The photographer is none other then my mother who never misses a moment to take a photo. This photograph means a lot to me because my Grandpa and I were very close. I remember being upon his knee many times. He used to give me his ice cream and call me “pug”. I love this photograph because I can see the happiness in both of our faces, mine full of wonder, and his full of content. I also love it because I am unconcerned with the camera that captures this purely innocent moment in time. I used to carry this photo around with me most of the time, kind of like a good luck charm. Naturally the photo is worn and rather beat up due to being folded and unfolded time after time. But now it sits in a safe place taped back together as best I could manage. I ripped the photo after my Grandpa’s funeral when I was seventeen. He was the first immediate family member of mine to die that I remember and it was my first funeral. I remember getting mad at myself for not being able to cry when my father told me the news. I was shocked, I’m not even sure if I responded to him. I didn’t cry until the two days when I went to his funeral in Virginia and saw the open casket. After I went back home I took the photo out of my back pocket and tore it out of anger and sorrow. I didn’t get to say goodbye and even worse, my mother didn’t, his own daughter. I don’t think the pain losing someone you love ever goes away but with time the pain dulls and you learn to move on.

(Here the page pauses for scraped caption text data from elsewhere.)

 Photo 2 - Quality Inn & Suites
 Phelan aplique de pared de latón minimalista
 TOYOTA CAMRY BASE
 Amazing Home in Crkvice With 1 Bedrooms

I’m not sure whether I would have wanted to see him or not though. Over the two years leading up to his death, Alzheimer’s slowly took a hold of him and he could barely remember whom I was. I remember the first time he didn’t know my name; it broke my heart. If I would have been there and he didn’t remember me I don’t think I could have handled it. Minutes after destroying the photo I broke into tears and frantically searched for tape to fix my hasty mistake. Ever since then I have not been able to take the photo anywhere for fear of losing it for good.

When I look at the photo I can smell a Virginia summer’s night and picture me asleep next to my Grandpa on the swinging porch chair while he smokes and looks out into the dark. I wonder if he was ever looking for anything in particular or if he was simply looking. He had a great since of humor; he often told me jokes and would always talk about being a hooligan in his youth. The house seems so empty now when we visit my Grandmother and I know it takes a toll on her. I can’t fathom being married to someone for 56 years and then losing them. My mother grew up in that house and my brother and I have shared good memories there as well. I feel like I go back in time when I visit her in Stanton.

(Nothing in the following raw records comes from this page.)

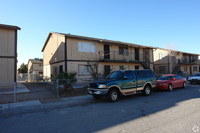 4763 Cessna Ave in Las Vegas, NV - Foto de edificio - Building Photo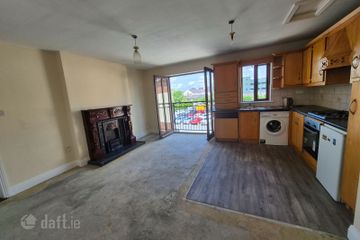 Flat 5, 13 Lower New Street, Kilkenny, Co. Kilkenny, R95KW31 — photo 2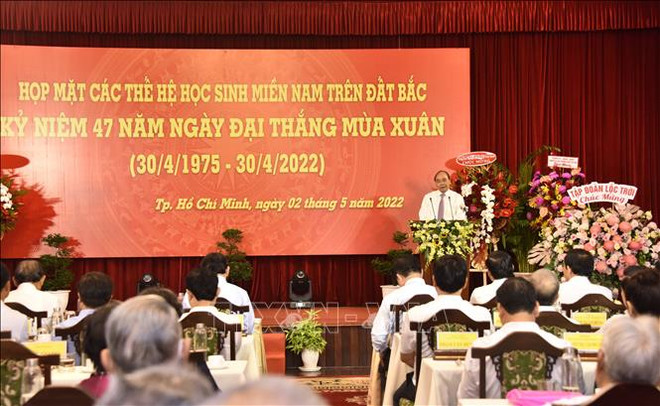 国家主席阮春福与曾在北方就读的南方学生代会面 ảnh 1 国家主席阮春福与曾在北方就读的南方学生代会面 ảnh 1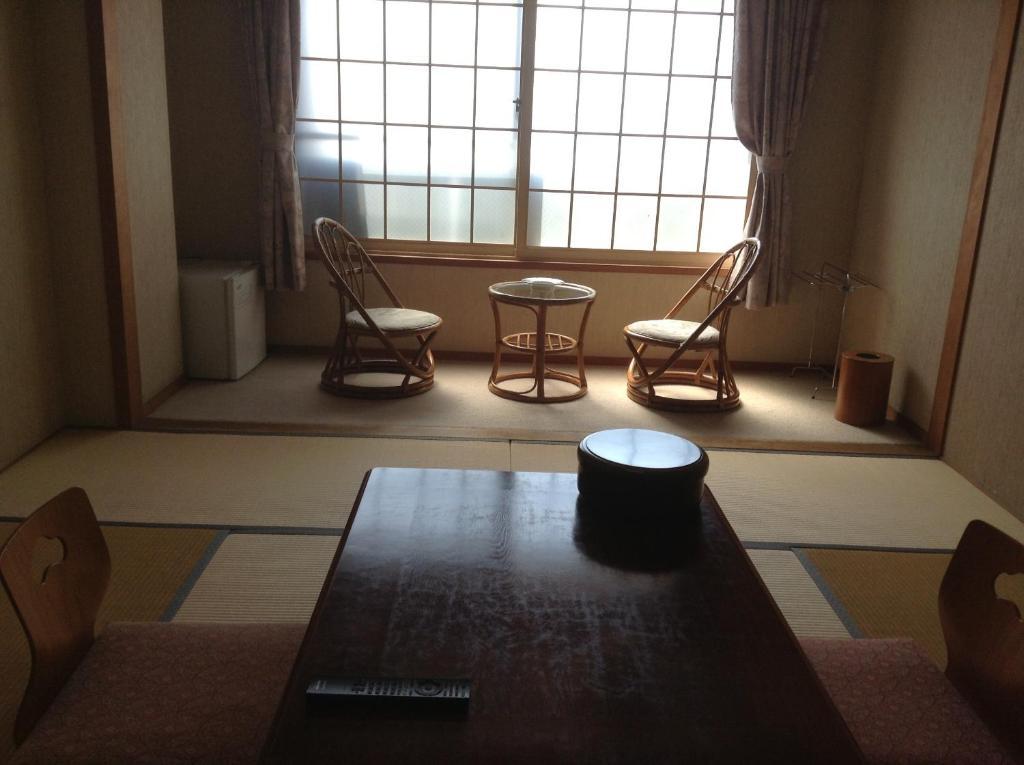 Bergtour Marukita Hotel Hakuba Bagian luar foto
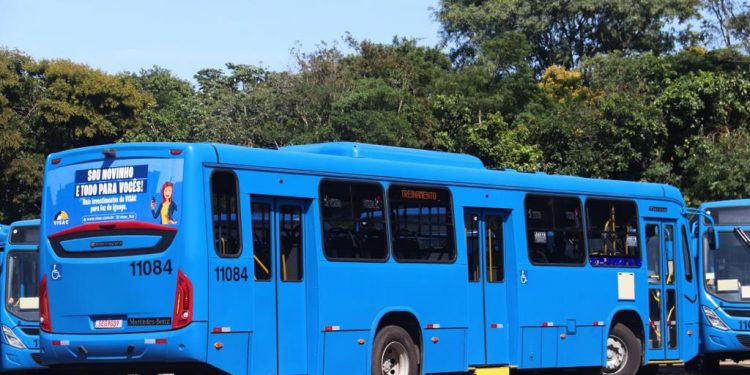 Transporte coletivo de Foz do Iguaçu recebe reforço de 12 ônibus zero km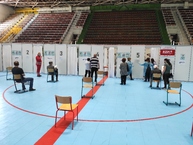 Zväčšiť fotografiu - Tento víkend očkuje župa poslednýkrát vakcínou od výrobcu astrazeneca - Očkovanie_05-1 (153)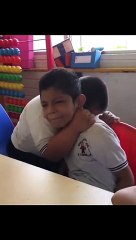 Morali bozuk olan otizmli arkadaşını, güldürmek için çabalayan down sendromlu ufaklık ❤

My Grandpa always smoked for as long as I can remember and he had no health complications due to smoking. This always amazed me because on the opposite hand smoking killed my dad’s mom. He also had dentures because he liked candy to much as a kid and boy did ever love it when he was old. He had trouble walking in the last of his years which sadly left him in his recliner most of the time but every now and again we would go to the park to feed the ducks or listen to the band in the summer evening. He loved to go on drives and get out of the house. My mom said he used to love to fish as well, he taught me how to fly fish when I was about ten but I wasn’t any good at it. Almost all of my memories with him are good ones and I am thankful for that.

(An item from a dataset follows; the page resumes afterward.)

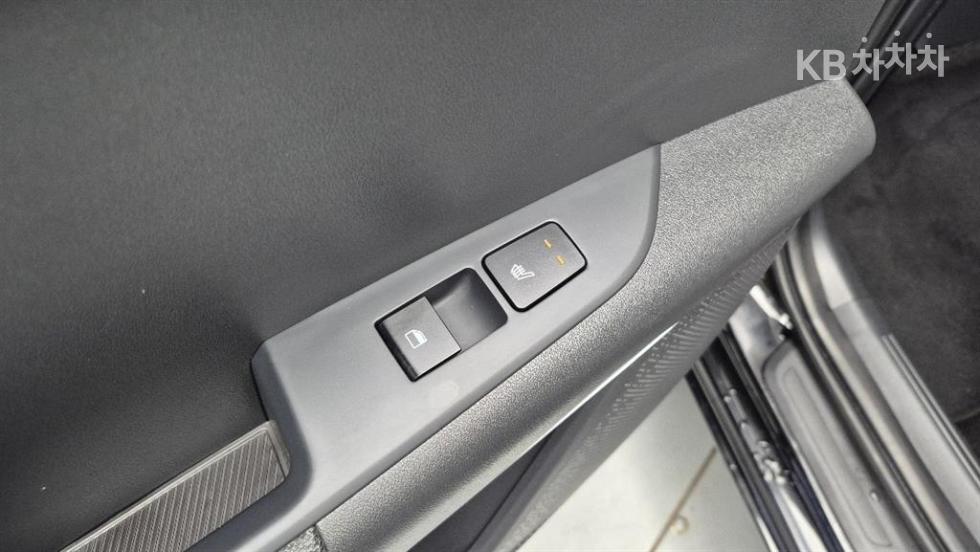 Kia Niro — miniaturë 15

This photo doesn’t help me know my Grandpa or tell me anything about him or make me remember him better. It does something more then that. It starts a chain reaction of vivid memories and smells that play like a dream in my mind. This photo helps me remember my Grandpa the way I want to remember him before he couldn’t remember me. Before he started deteriorating and having to watch helplessly, unable to do anything about it. He was a kind and gentle man. He never brought any harm to anything be it plant, animal, or human. He provided for his family and was the best husband/dad/grandfather he could be. In a way I think it’s silly that I place so much importance upon this tiny piece of ripped paper but at the same time I am glad I do because it reminds me the moment actually happened. Without it I’m sure I would remember my Grandpa the same way as I do now but it’s the only thing I have of him left in the world.